##### ENTRIES PROVIDED

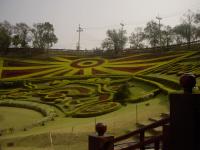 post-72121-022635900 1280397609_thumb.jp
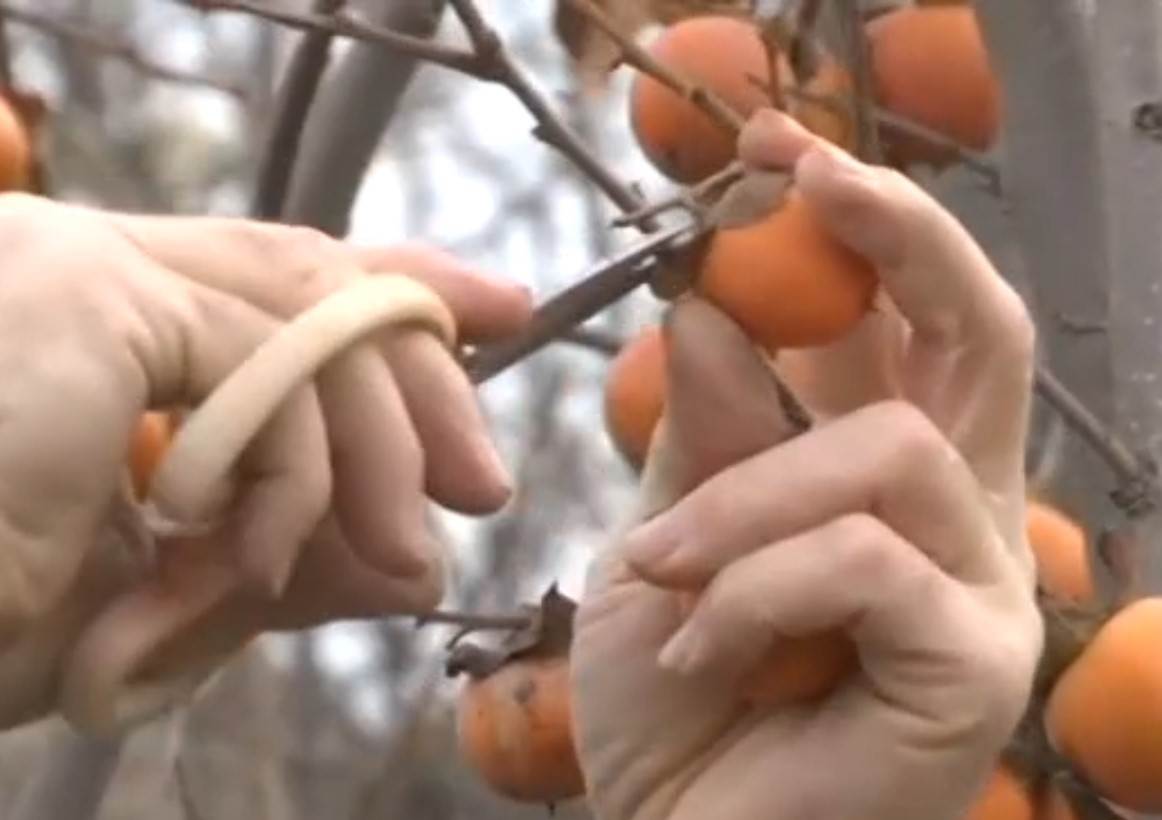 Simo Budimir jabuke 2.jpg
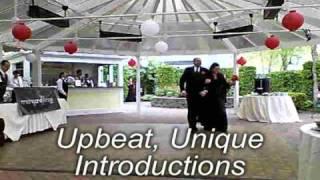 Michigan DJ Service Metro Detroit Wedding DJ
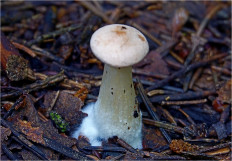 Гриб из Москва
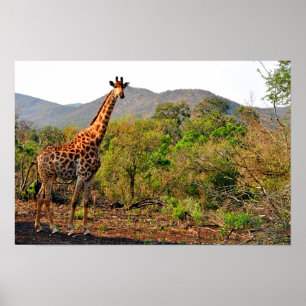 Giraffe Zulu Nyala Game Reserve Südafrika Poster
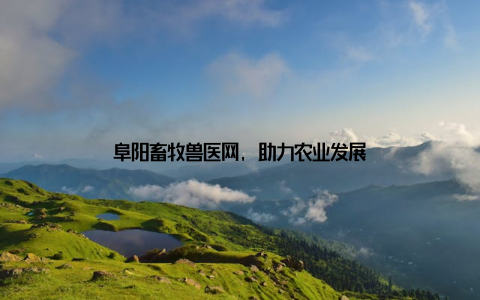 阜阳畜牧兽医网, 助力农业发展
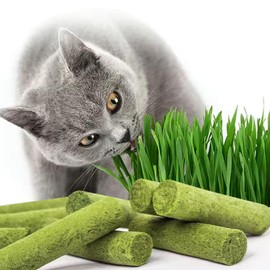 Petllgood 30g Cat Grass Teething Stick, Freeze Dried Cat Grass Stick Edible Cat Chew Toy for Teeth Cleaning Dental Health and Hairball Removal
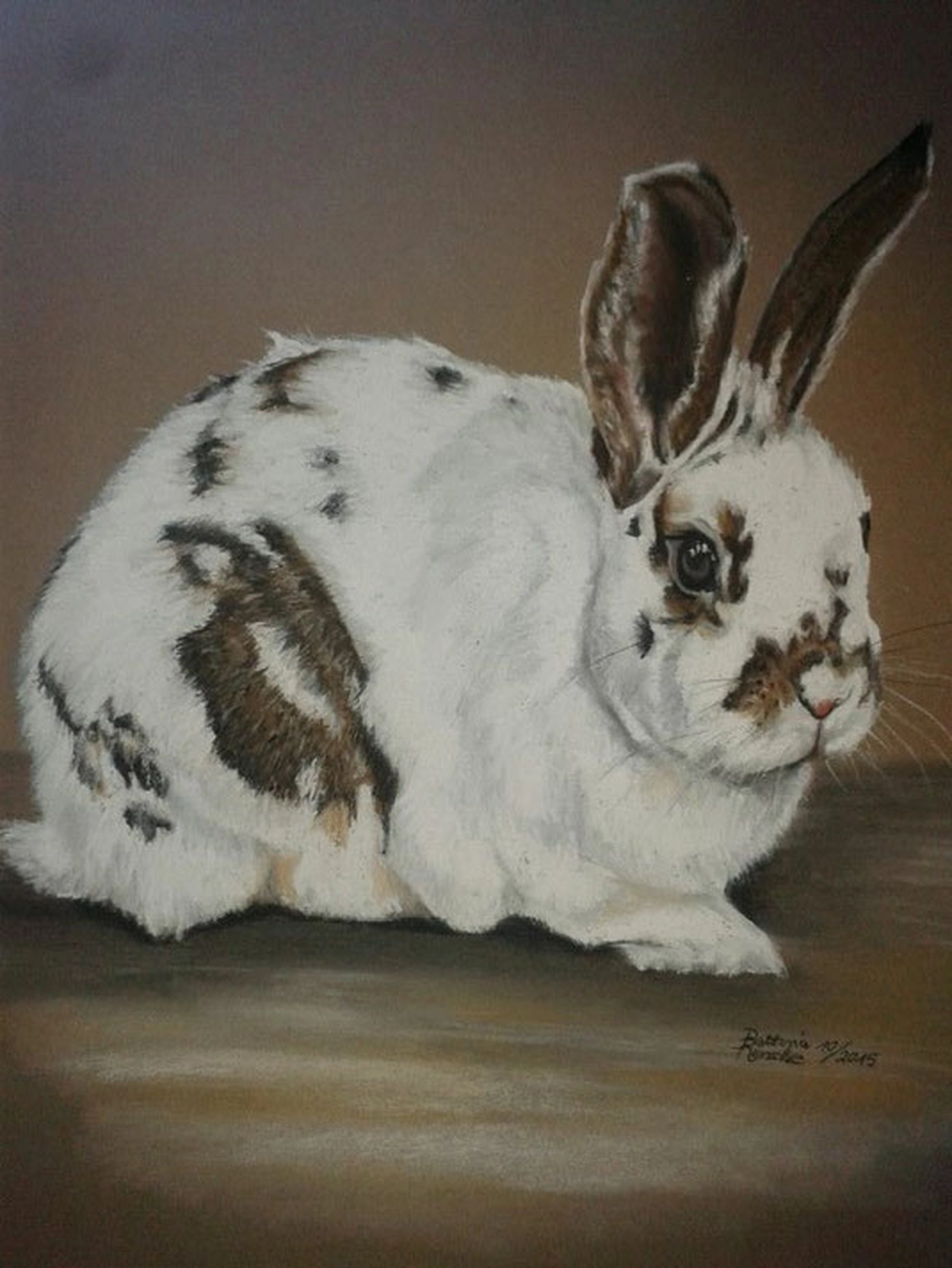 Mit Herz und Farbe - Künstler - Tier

##########
##### ENTRIES PROVIDED

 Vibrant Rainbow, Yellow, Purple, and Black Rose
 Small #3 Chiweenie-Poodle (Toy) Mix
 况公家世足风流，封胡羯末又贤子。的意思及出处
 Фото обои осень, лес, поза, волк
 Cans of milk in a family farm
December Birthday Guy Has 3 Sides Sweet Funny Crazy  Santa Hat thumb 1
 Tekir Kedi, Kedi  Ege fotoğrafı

##########
##### ENTRIES PROVIDED

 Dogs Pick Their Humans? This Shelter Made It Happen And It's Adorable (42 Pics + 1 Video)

##########

EXERCISE OBJECTIVE: Word for word, retype the lines in the entries above that run from the one with "post-72121-022635900 1280397609_thumb.jp" through the one with "Mit Herz und Farbe - Künstler - Tier". Both ends count; pictures do not.

YOUR SOLUTION:
 post-72121-022635900 1280397609_thumb.jp
 Simo Budimir jabuke 2.jpg
 Michigan DJ Service Metro Detroit Wedding DJ
 Гриб из Москва
 Giraffe Zulu Nyala Game Reserve Südafrika Poster
 阜阳畜牧兽医网, 助力农业发展
 Petllgood 30g Cat Grass Teething Stick, Freeze Dried Cat Grass Stick Edible Cat Chew Toy for Teeth Cleaning Dental Health and Hairball Removal
 Mit Herz und Farbe - Künstler - Tier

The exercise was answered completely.